Lamya H. (The Author)

Lamya H. is the pseudonym of the author of Hijab Butch Blues. Based on the information found in the memoir, Lamya was born in southeast Asia, likely Pakistan or India. Around the age of five, she moved with her family to a “rich Arab country,” likely the United Arab Emirates or Saudi Arabia, because her father could earn more money there. At 18, Lamya moved to the United States to attend a “prestigious college” in New York state. Later, she attended graduate school in New York City. After graduate school, she met her partner, Olivia, or “Liv,” “a white girl from Vermont” (209). According to the author biography on her website, Lamya H. currently works as a writer and organizer in NYC, “creating spaces for LGBTQ+ Muslims, fighting Islamophobia, and abolishing prisons” (“Home.” Lamya H). Little else is known about her biographical information.

Hijab Book Blues gives insight into Lamya’s growth and maturity over the course of her life. However, some aspects of her personality remained consistent over time. As a child, Lamya was a “irascible tomboy” who preferred watching cricket with her male relatives over wearing makeup or getting dressed up with her female relatives. Later, she adopted a casual, nonbinary self-presentation: “baggy jeans, a red hoodie, sneakers” (78). She was a dedicated and focused student in grade school; her curiosity and attention to detail enabled her to win a scholarship to a prestigious American university and later attend graduate school. She characterizes herself as a “nerd,” both as a child and an adult. As a child, this manifested in her eagerness to attend her Islamic studies class, in contrast to her peers. As an adult, she describes an episode where she attended a lecture—while on a date—and taking notes. She was fiercely independent as a child out of necessity since she grew up in a country where she was discriminated against and where it was hard to make friends since people often moved away. Her independence continued into adulthood as she moved to the United States alone, without her immediate family, and pursued her own course in life, although she later learned to temper this independence by letting in and cultivating a supportive community around herself.

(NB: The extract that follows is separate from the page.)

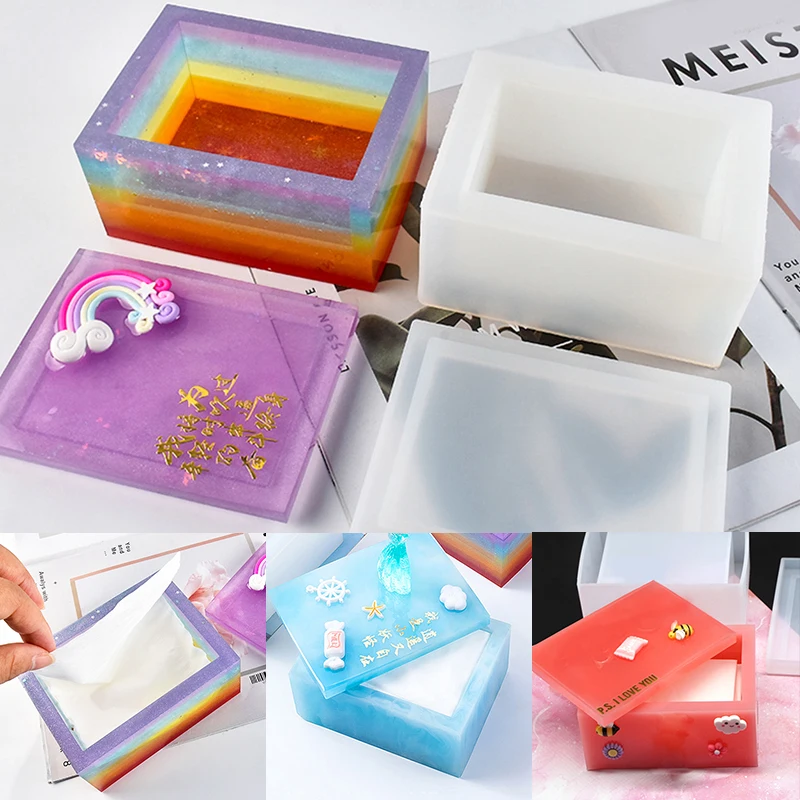 Коробка для хранения салфеток Прозрачная силиконовая форма высушенный цветок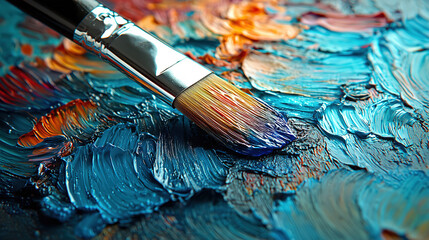 Bright colors blending on an artist's palette with a brush resting on vibrant oil paints. Generative AI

Lamya comes from a devout Muslim family and has remained devout into her adulthood, even as her relationship with her religious practice evolved. As a child, she attended classes at the mosque and read the Quran regularly. As an adult, she wears a hijab, even against the advice of her family members, and prays five times a day. However, from a young age, she began the process of Developing a Personal Relationship With Islam, learning to question and challenge the interpretations of authority figures, as when she asked her teacher why Allah’s pronouns are always translated as male. As an adult, she uses this questioning stance to imagine and reinterpret scripture in a way that aligns with her feminist ideals.

Lamya engages with the world and describes herself in the context of her intersectional identity: she is brown, queer, nonbinary, Muslim, and an immigrant. These different facets define who she is and shape her world. Despite the prejudice that she faces as a result of these identities, she also uses them as the foundation to build community and find joy. Lamya is principled, strident, and passionate about social justice. She describes herself as fighting for “a world that is kinder, more generous, more just” through her activism and her writing (279), which is an extension of that activism.